- Task directions -
Transcribe the entries below word for word, beginning at the line with "VA license plate VBA1241" and stopping after the line with "IMPERIAL　RESIDENCE塚本 2階ワンルームの間取り"; drop all pictures.

- Material to process -
━━━━━━━━━━━━━━━━
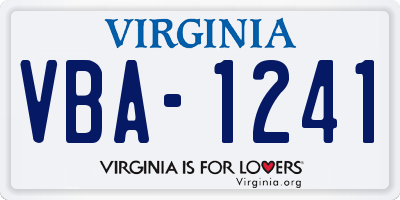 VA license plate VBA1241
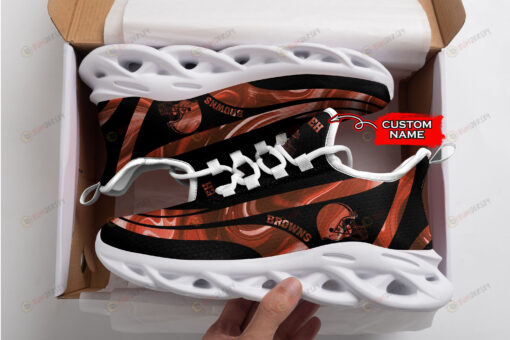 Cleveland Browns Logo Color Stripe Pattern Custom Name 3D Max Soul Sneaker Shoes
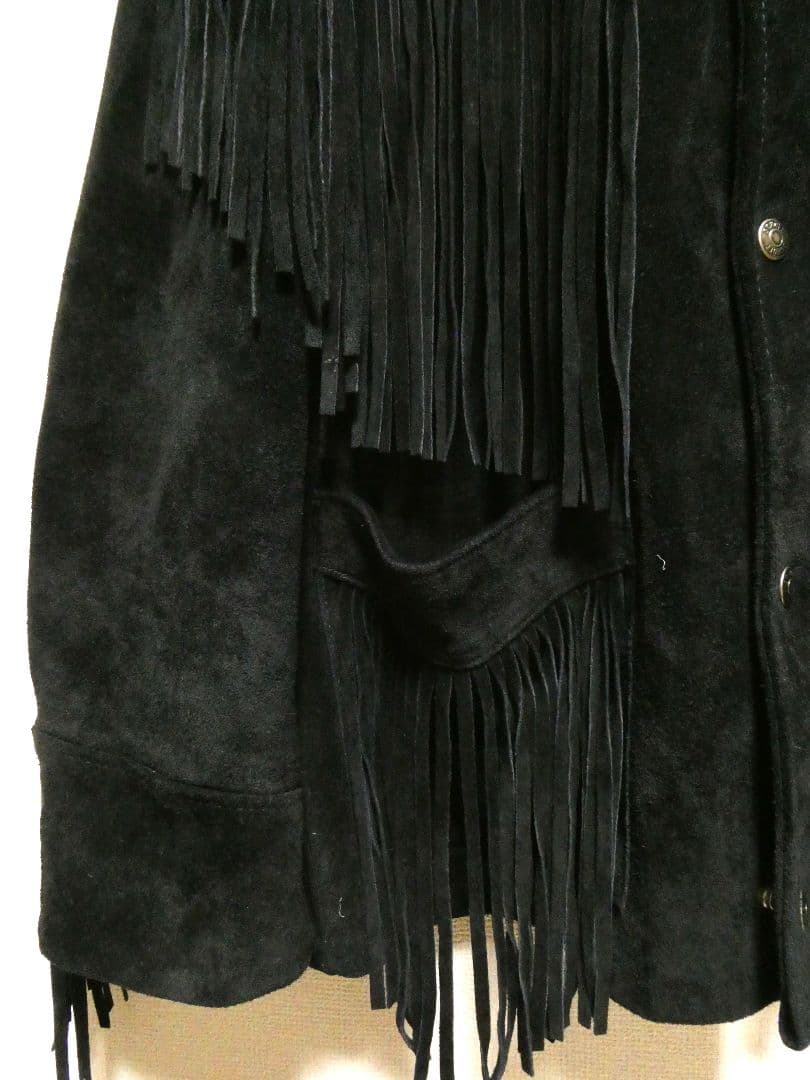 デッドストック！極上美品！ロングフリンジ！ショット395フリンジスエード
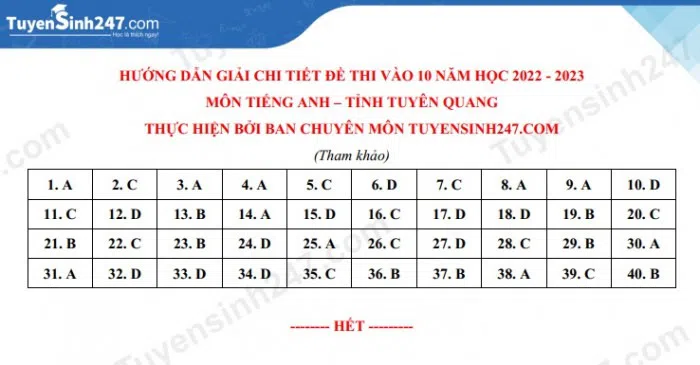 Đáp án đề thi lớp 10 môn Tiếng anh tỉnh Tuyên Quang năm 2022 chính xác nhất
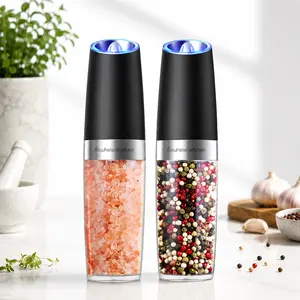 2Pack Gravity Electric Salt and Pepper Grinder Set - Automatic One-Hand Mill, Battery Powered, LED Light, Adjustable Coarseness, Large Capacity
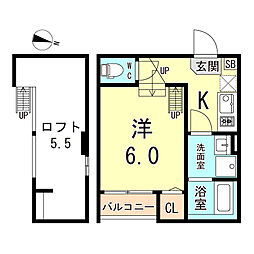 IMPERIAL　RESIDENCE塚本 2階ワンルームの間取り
━━━━━━━━━━━━━━━━
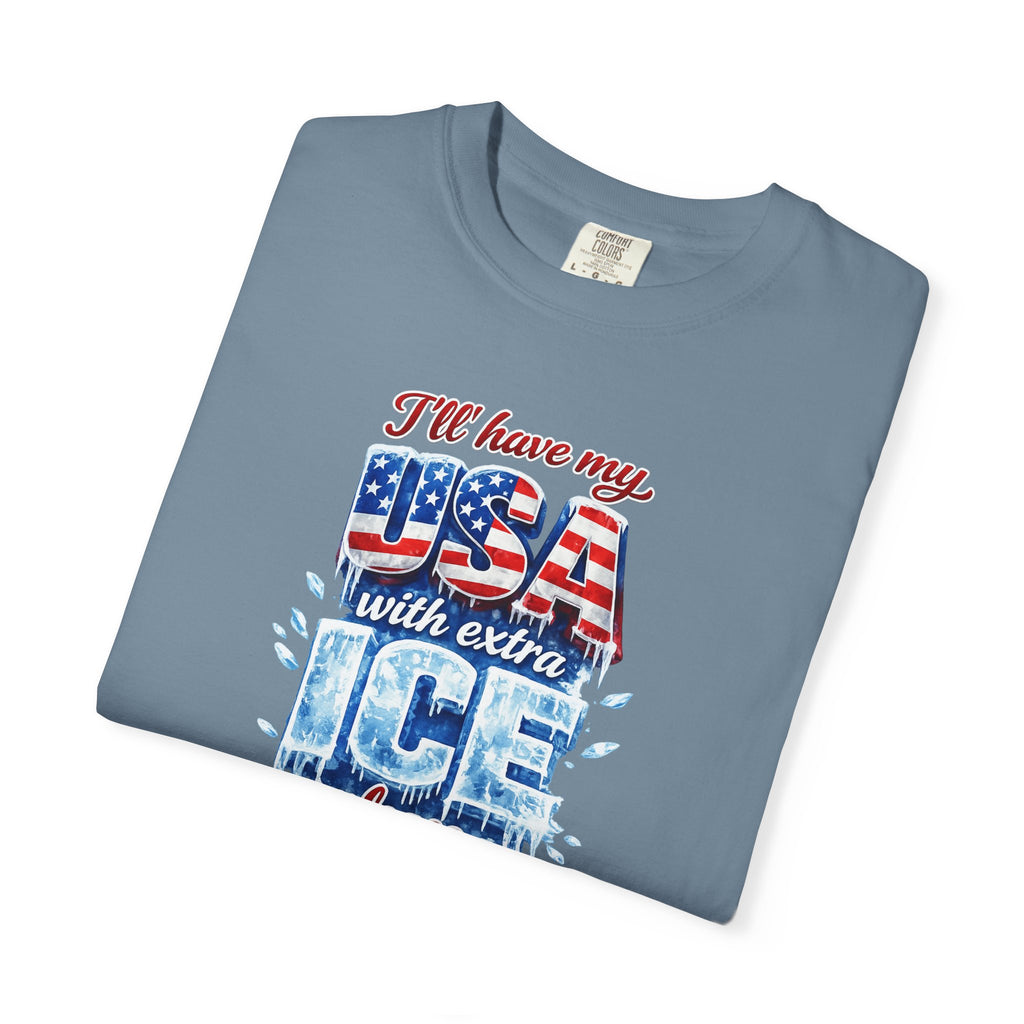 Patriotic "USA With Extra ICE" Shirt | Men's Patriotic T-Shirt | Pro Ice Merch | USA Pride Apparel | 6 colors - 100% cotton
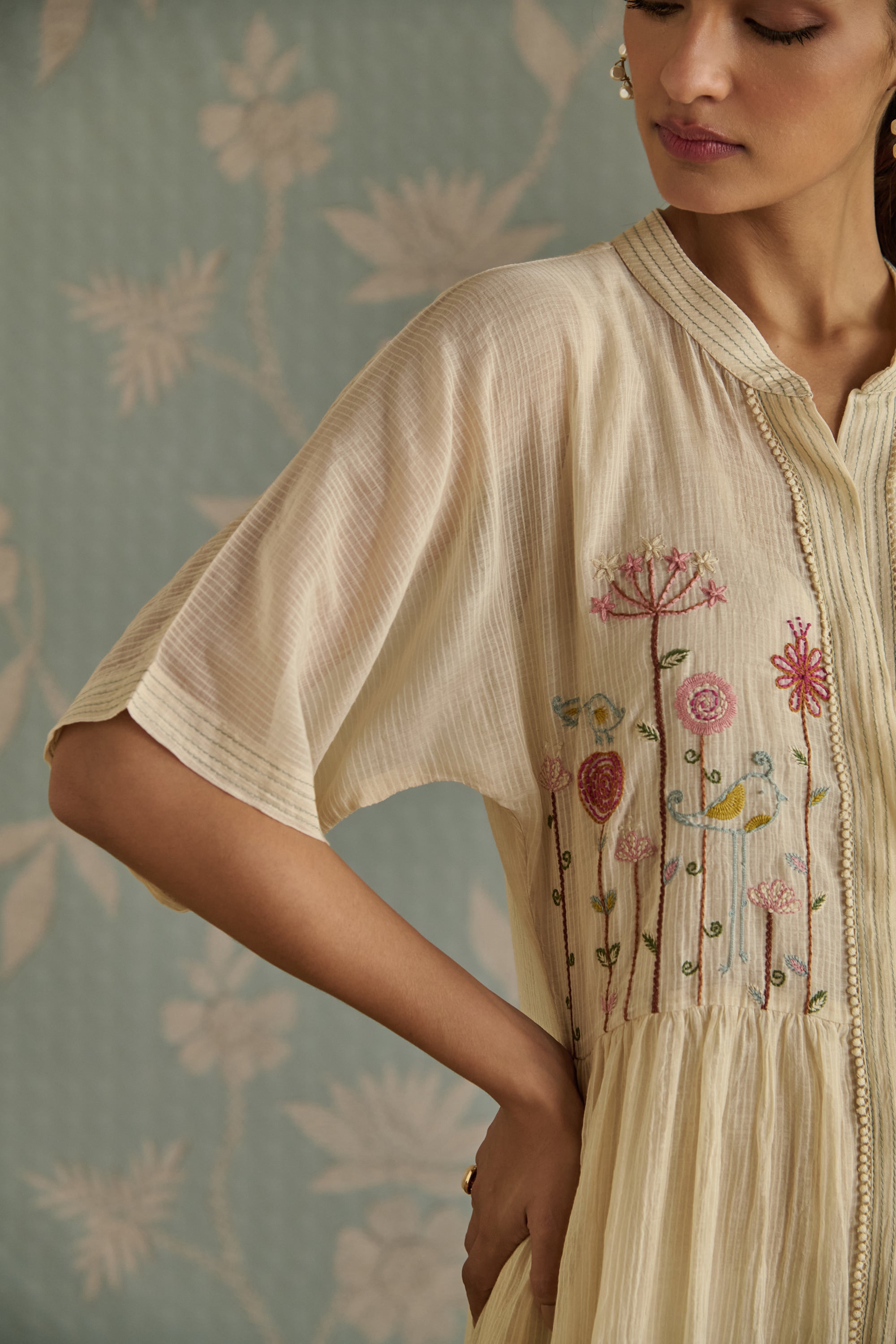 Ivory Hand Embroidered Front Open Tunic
━━━━━━━━━━━━━━━━
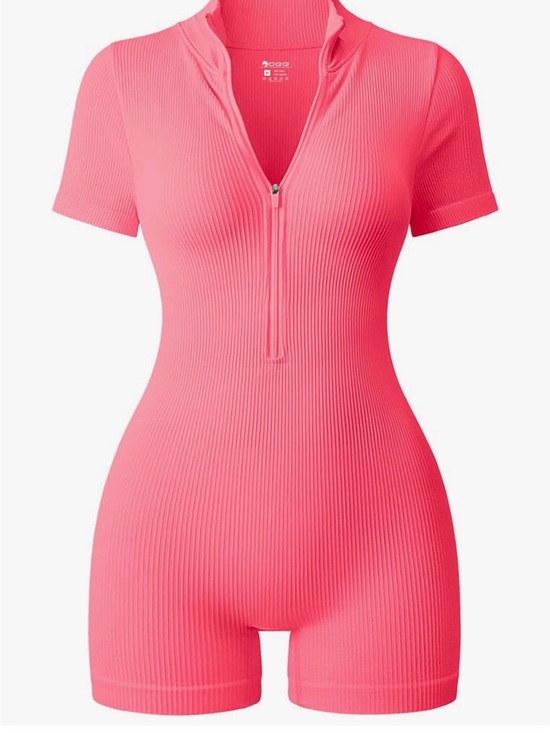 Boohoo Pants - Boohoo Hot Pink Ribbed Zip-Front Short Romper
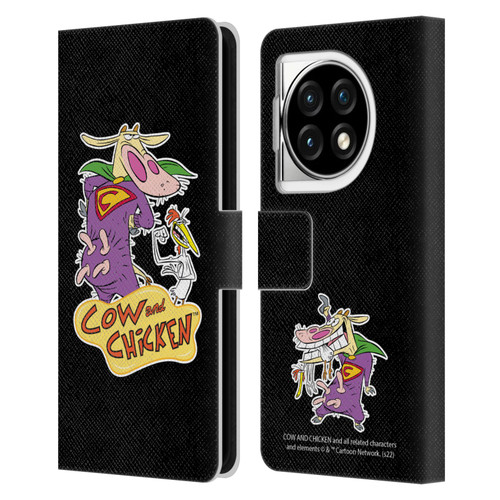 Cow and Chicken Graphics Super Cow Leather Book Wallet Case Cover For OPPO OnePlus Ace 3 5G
━━━━━━━━━━━━━━━━
- Response to the exercise -
 VA license plate VBA1241
 Cleveland Browns Logo Color Stripe Pattern Custom Name 3D Max Soul Sneaker Shoes
 デッドストック！極上美品！ロングフリンジ！ショット395フリンジスエード
 Đáp án đề thi lớp 10 môn Tiếng anh tỉnh Tuyên Quang năm 2022 chính xác nhất
 2Pack Gravity Electric Salt and Pepper Grinder Set - Automatic One-Hand Mill, Battery Powered, LED Light, Adjustable Coarseness, Large Capacity
 IMPERIAL　RESIDENCE塚本 2階ワンルームの間取り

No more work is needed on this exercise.